The Better Cotton Initiative is a non-profit organization that works with cotton farmers to grow cotton using more sustainable farming techniques, and is one of the programs that makes up a large percentage of AEO’s sustainable cotton. AEO in 2015 joined the group, which helps improve the livelihoods of cotton farmers.
Protecting the planet, caring for employees and maintaining the best business practices has been integrated within the fabric of AEO for decades, Schottenstein said. “Our ESG strategy is intentionally connected to the growth of our industry-leading brands, corporate strategy and culture in order to generate shareholder returns with a purpose,” he said.
AEO is working on sustainable denim washing, the last step in the manufacturing process that gives its jeans their signature look. The company’s laundries have new washing machines that use a fraction of the water used by typical washers. Many of the laundries use environmental impact monitoring software to assess the environmental impact of the garment finishing process in the areas of water consumption, energy consumption, chemical use, and worker health.
AEO also developed a limited denim collection, the AE x Jeans Redesign collection, using guidelines as a part of the Ellen MacArthur Foundation’s Jeans Redesign project. The guidelines were developed by the foundation’s Make Fashion Circular team with more than 80 denim experts. It encompasses the principles of a circular economy where clothes are made with limited impact, are recyclable and are long-lasting to be kept in use.
A set of initiatives dubbed Planet, People and Practices for two decades has touched many aspects of the organization. “Building on them is key to our business success,” Schottenstein said. “We established climate goals several years ago. We continue to take meaningful action to operate more sustainably and preserve our planet. We’ve expanded our environmental targets and will continue to enhance our ESG initiatives in order to successfully meet current and future goals.”
The AEO board of directors is nearly half women and ethnically diverse. Reaching near gender parity in the executive leadership ranks has been a key facet of the company’s strategy. Today, 47% of the board of directors identifies as female.

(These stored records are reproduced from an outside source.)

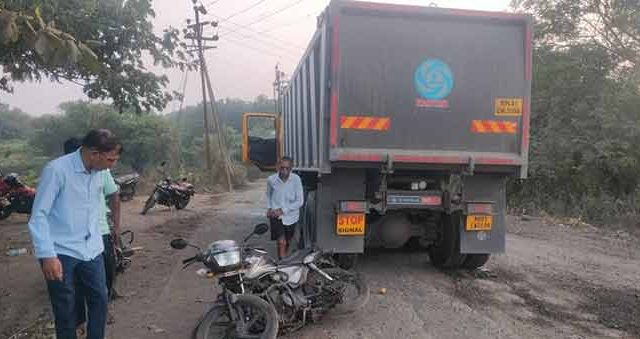अवैध अवजड वाहतुकीमुळे दूरशेत रस्ता बनतोय जीवघेणा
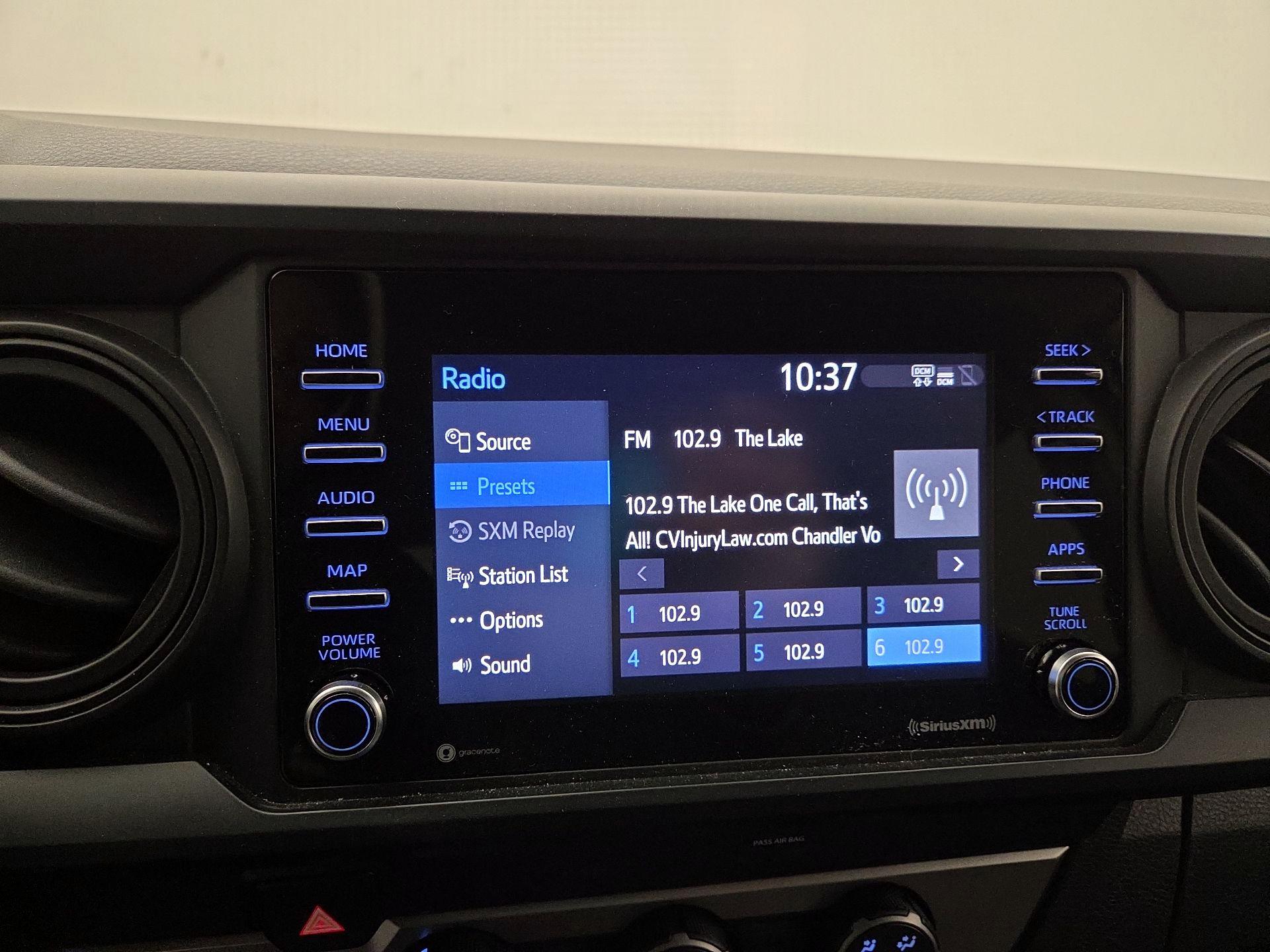 Thumbnail: 2021 Toyota Tacoma - 15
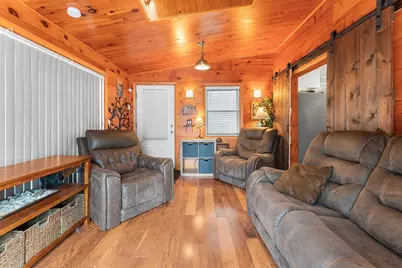 111 Shore Ave, Swansea, MA 02777 - Photo 14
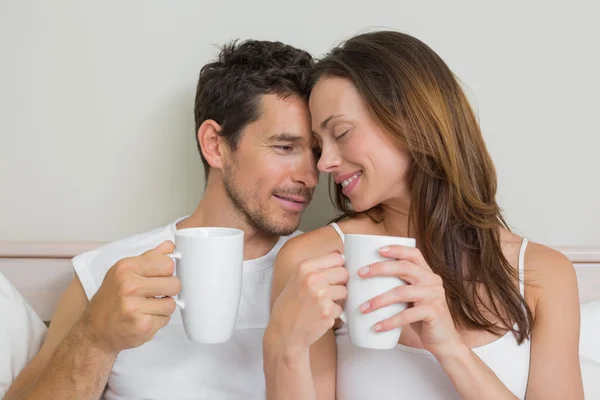 Glückliches entspanntes Paar mit Kaffeetassen — Stockfoto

“Empowering women, investing in women through health, life skills and gender equality training, and increasing women’s access to leadership opportunities are key priorities for AEO,” said Marisa Baldwin, chief human resources officer. “It’s extremely important to us that we maintain near gender parity to ensure diversity of backgrounds, experience and thought.”
Baldwin also cited the active community within AEO and associate engagement with resource groups like Women@AEO, whose goal is to inspire and engage associates to help them reach their full potential and to give back to support women and girls in need within local communities.

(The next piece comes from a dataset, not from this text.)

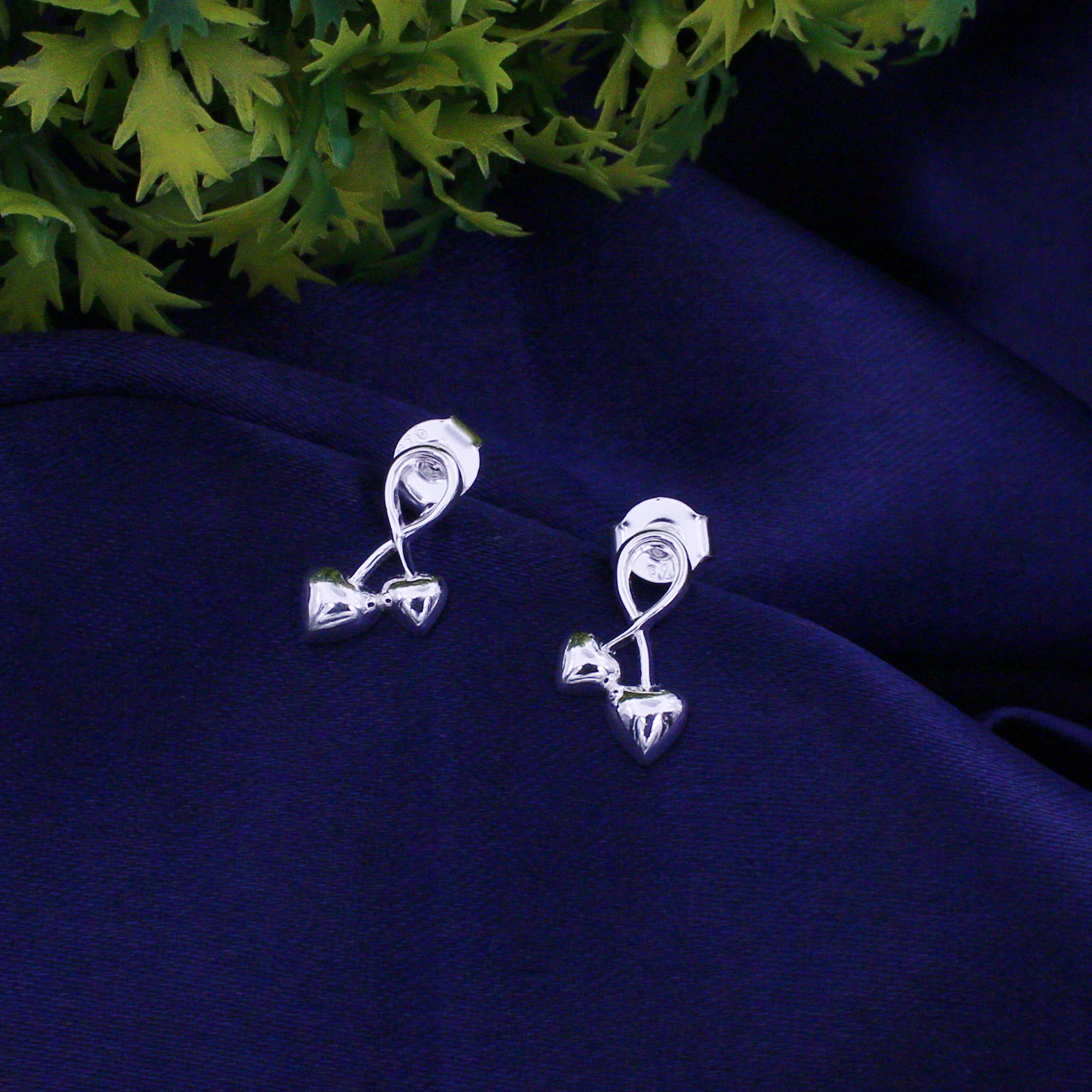 925 Sterling Silver Tiny Heart Dainty Studs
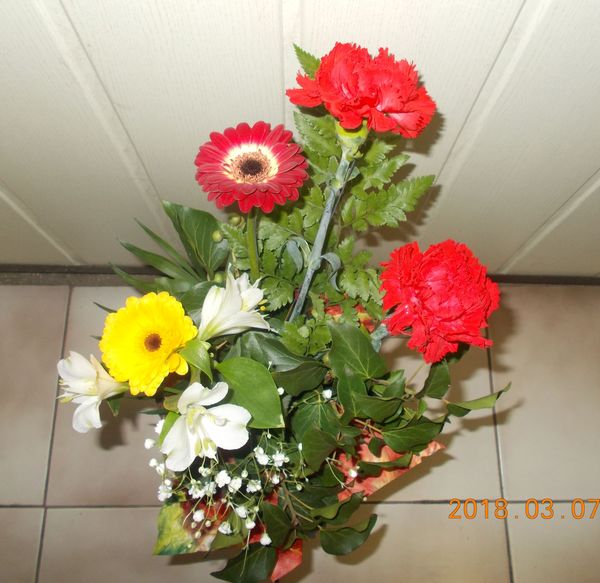 http://kepmester.silihost.hu/images/279/8222/00000231.jpg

AEO is changing the name of its $5 million Real Change Scholarship for Social Justice, which was launched in 2020. The scholarship funds educational opportunities for AEO employees in the areas of anti-racism, equality and social justice initiatives. The name change of the scholarship was revealed in the ESG report. It will be called The Steven A. Davis Scholarship for Social Justice in honor of late AEO board member Steven Davis, who in July died unexpectedly.
The retailer over the past two years has also donated 40 million meals to Feeding America, and more than $46 million since 2012 to organizations that promote mental health, youth empowerment, education and the environment.